Yahoo! Is Too Cheap – How to Profit Now and In The Long Term

October 16, 2006 at 9:07 pm  ·  Category: Options, Stocks

Since reporting 2nd quarter earnings 3 months ago, on Tuesday July 18, 2006 after the close, Yahoo’s stock (NASDAQ: YHOO) has been absolutely hammered.  When it announced 2nd quarter results, it also announced that it will delay the release of its new online advertising platform, I believe it is called Panama. 

It closed at $32.24 on Tuesday July 18.  The stock got hammered the following day, down $7.04 to close at $25.20 – 204 million of Yahoo’s 1,381 million shares outstanding, almost 15% of the company, traded hands that day. 

After that, the stock trended back upwards to to close at $29.00 on Monday September 18 – exactly 4 weeks ago.  The next day, however, at a New York investment conference CEO Terry Semel and CFO Susan Decker announced that slowing online ad growth from auto and financial companies would cause the company’s revenue to be at the lower end of the estimates it gave in July. 

As soon as they said this, the stock started to get hit.  Over the course of the day, it lost $3.25 to close at $25.75 – pretty much giving back all the gains it had made since the first announcement of Panama’s delay.  128 million shares, more than 9% of the company, traded hands.
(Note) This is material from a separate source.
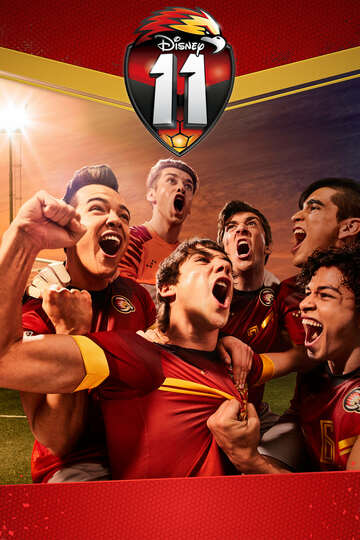 Poster of O11CE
Personally I’m wondering what all the fuss is about.  It seems to me like alot of people panicked for no really good reason.  So what if the online advertising platform is to be delayed?  So what if revenue is going to come in a little light?  This is the still one of the two premier internet properties in the world at a time when the internet is growing exponentially and is becoming increasingly important to everyday and business life.  This trend, which is what really matters, continues to be in place. 

What it’s done is given us a great opportuntity to own a great company.  With an enterprise value of around $33 billion Yahoo! had $1.3 billion in free cash flow in 2005 – for a trailing EV/FCF ratio of around 25.  Revenues grew about 26% in the 2nd quarter, operating cash flow by 35%, and free cash flow by 19% – on a tough compare because Yahoo! had about $1 billion in extra income in the 2nd quarter of 2005 due the sale of some Google stock it had acquired. 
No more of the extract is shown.